Given our current energy and environmental crises, the pursuit of energy efficiency has never been more important. In particular, research into efficient energy storage has been essential to the dual purposes of delivering the harvested energy to the user with minimal waste and reducing environmental damage. The development of Lithium-ion batteries was widely celebrated because of their ability to store a large amount of energy in a relatively small space, hence their ubiquity in electronic products.
However, Lithium-ion batteries came under scrutiny after several safety concerns, and, when Samsung was forced to recall (and later discontinue) their brand-new Galaxy Note 7 after some of their phones exploded, the scrutiny intensified. Although the seeming correlation between this and the Lithium-ion batteries themselves are problematic, it is nevertheless acknowledged that Lithium-ion batteries have room for improvement. Recently, Professor Yang Shao-Horn, a professor from the Massachusetts Institute of Technology (MIT), gave a plenary speech at Nano Korea 2019 called “Energy Storage for Decarbonization: Current and Future” to present her research findings on Lithium-ion batteries for a safer, more efficient and commercially friendly product. Currently at the forefront of energy storage research, she is renowned for her dedication to both theoretical and experimental science and isn’t afraid to “go into the dark.” Visit https://dmse.mit.edu/people/yang-shao-horn to see her profile, publications, and other news.

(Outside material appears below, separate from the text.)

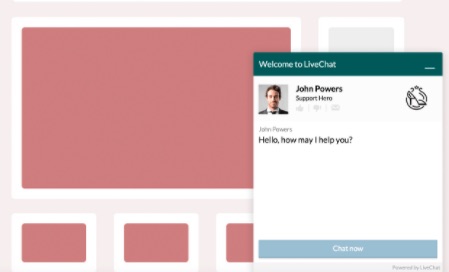 Shows an example of a chatbox on a website. An important feature to help engage with audience and build online presence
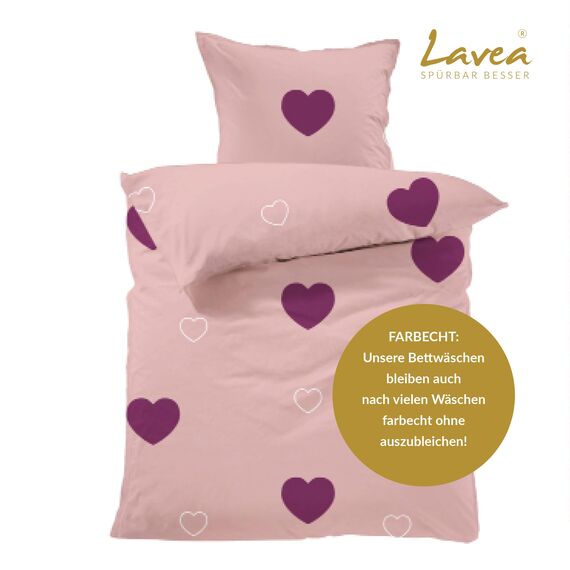 Lavea® Emilia Bettwäsche Kinder Set, Kinderbettwäsche aus 100% Bio-Baumwolle, mit Herzmotiv, weiche Bezüge für Bettdecke und Kopfkissen, mit Reißverschluss, Rosa Bordeaux 135 x 200 cm und 80 x 80 cm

Q: You said in an interview in 2013 that you initially wanted to become a metallurgist like your father but you ended up being adventurous and chose to study Lithium-ion batteries. What made Lithium-ion batteries more appealing than other fields?
A: To me, back then, it was something different. Maybe a sense of adventure? To get into a field that I know nothing about, the sense of unknown, pursuing the unknown; I think that’s what we in research do, right? We are at the frontiers of knowledge, so we’re really pushing forward into the unknown. Be willing to take risks, not being afraid of going to the dark.
Q: Your research seems to be a convergence of theoretical and experimental areas of material science, chemistry and physics, and I saw in a previous interview that you “continually reach out to a bigger pool of people.” Collaboration, in my opinion, is what makes science so fun. However, sometimes I think it can get out of control – by that, I mean losing focus after a while. What’s the process with which you decide who to collaborate with?
A: That’s a great question. I think to do creative research, we need to have intellectual diversity. We need to have people coming from very different backgrounds to think differently. But then of course, if one collaborates without a theme, then one may not be able to develop a productive collaboration. So typically what we would do is … I’ll give you an example. If recently we’ve been learning and playing with phonons – and maybe this may be a field that, 10 years ago, I knew nothing about – and collaborating with physicists – where people know much more about phonons, and then we use the phonons in a very different area, which we relate phonons to influence ion mobility – how ions move, right? So I think that it’s really how you take a concept from a different field and use it to solve a problem of your own topic.
Q: You mentioned in your presentation about how your research can help the ongoing environmental crisis. Do you work with government officials to see how your work can benefit current energy situations? If not, how essential do you think government backing is for your research?
A: Right, I think as a scientist or as a citizen it’s very important to engage with the government to voice our concerns and potentially shape the vision for energy for our society. So it’s really our obligation to engage.
Q. In the research concerning solar cells as well as energy storage, how do you see the field shifting in, say, 10 years?
A: I think in the next 10 years, you’re going to see the cost of electrons from solar & wind [energies] drop further; there are various techno-economical analyses that project zero cost electrons from these technologies. So I think this is something we can think about… how can we develop newer technologies and replace the current silicon which is also energy intense; we can focus on developing energy storage technologies so that we can use the electrons on demand.
Q: Can you say a few words about college and what students should strive for?
A: Right. I think it’s important we go to college. On one hand we go to college because we are innately, intellectually, curious about a topic. And once you’re engaging in the topic you can say that you want to do something that could benefit society. But I think first of all, one needs to find the topic that is intellectually stimulating and interesting to you, perhaps imagining how one may make an impact; of course both are very important, going forward.